Description of the task
Every line of the data below is to be duplicated exactly, pictures excepted.

Provided data
^^^^^^^^
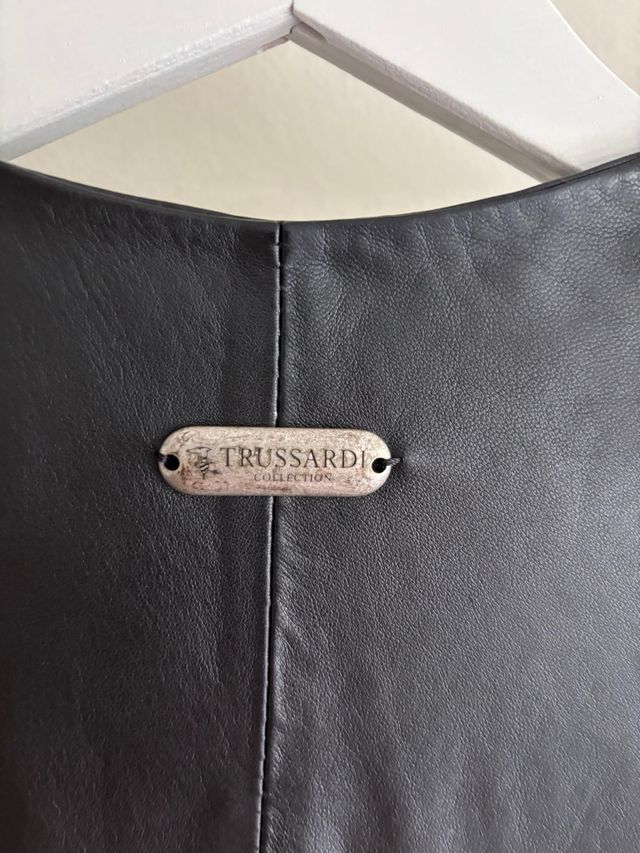 Cazadora Piel Trussardi Negra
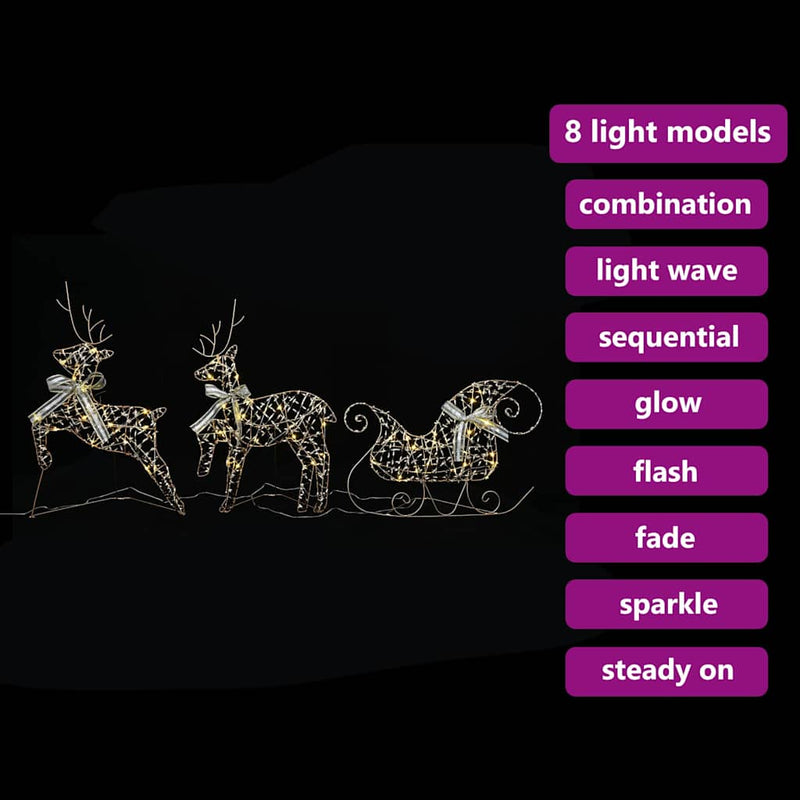 vidaXL LED rénszarvasok 60 LED-del 3 pcs Meleg fehér PET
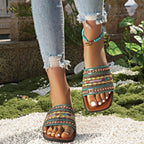 Damen komfortable Riemen-Sandalen mit eleganten Verzierungen R&B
^^^^^^^^
Expected answer
 Cazadora Piel Trussardi Negra
 vidaXL LED rénszarvasok 60 LED-del 3 pcs Meleg fehér PET
 Damen komfortable Riemen-Sandalen mit eleganten Verzierungen R&B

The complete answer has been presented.